Skip the pictures, please, and write out exactly every line from the one containing "If you see spectral broadening with" through the end of the listing below.
*** Opening of Information provided ***
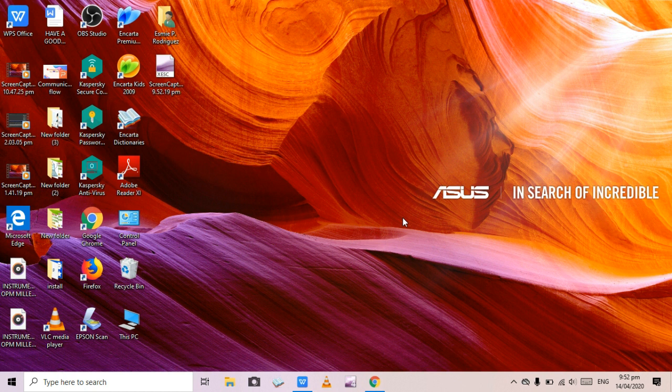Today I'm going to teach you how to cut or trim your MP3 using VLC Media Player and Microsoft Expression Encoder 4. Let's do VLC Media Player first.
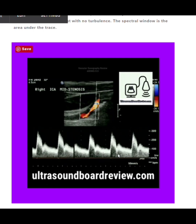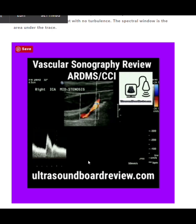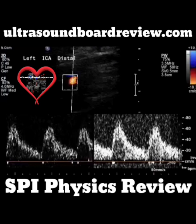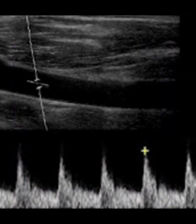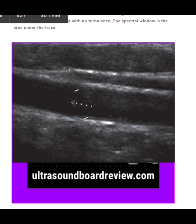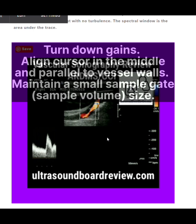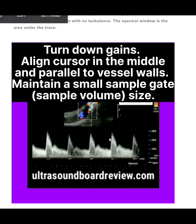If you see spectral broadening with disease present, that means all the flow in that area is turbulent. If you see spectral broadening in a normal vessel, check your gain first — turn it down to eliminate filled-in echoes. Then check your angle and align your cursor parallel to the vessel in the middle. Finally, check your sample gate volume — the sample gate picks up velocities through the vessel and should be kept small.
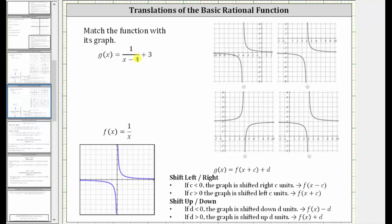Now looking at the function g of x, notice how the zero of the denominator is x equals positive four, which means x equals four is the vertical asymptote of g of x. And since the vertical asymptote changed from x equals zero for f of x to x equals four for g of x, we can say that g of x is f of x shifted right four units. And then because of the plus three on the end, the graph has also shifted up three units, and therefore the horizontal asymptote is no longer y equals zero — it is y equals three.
*** Close of Information provided ***
● **Answer to this task**:
If you see spectral broadening with disease present, that means all the flow in that area is turbulent. If you see spectral broadening in a normal vessel, check your gain first — turn it down to eliminate filled-in echoes. Then check your angle and align your cursor parallel to the vessel in the middle. Finally, check your sample gate volume — the sample gate picks up velocities through the vessel and should be kept small.
Now looking at the function g of x, notice how the zero of the denominator is x equals positive four, which means x equals four is the vertical asymptote of g of x. And since the vertical asymptote changed from x equals zero for f of x to x equals four for g of x, we can say that g of x is f of x shifted right four units. And then because of the plus three on the end, the graph has also shifted up three units, and therefore the horizontal asymptote is no longer y equals zero — it is y equals three.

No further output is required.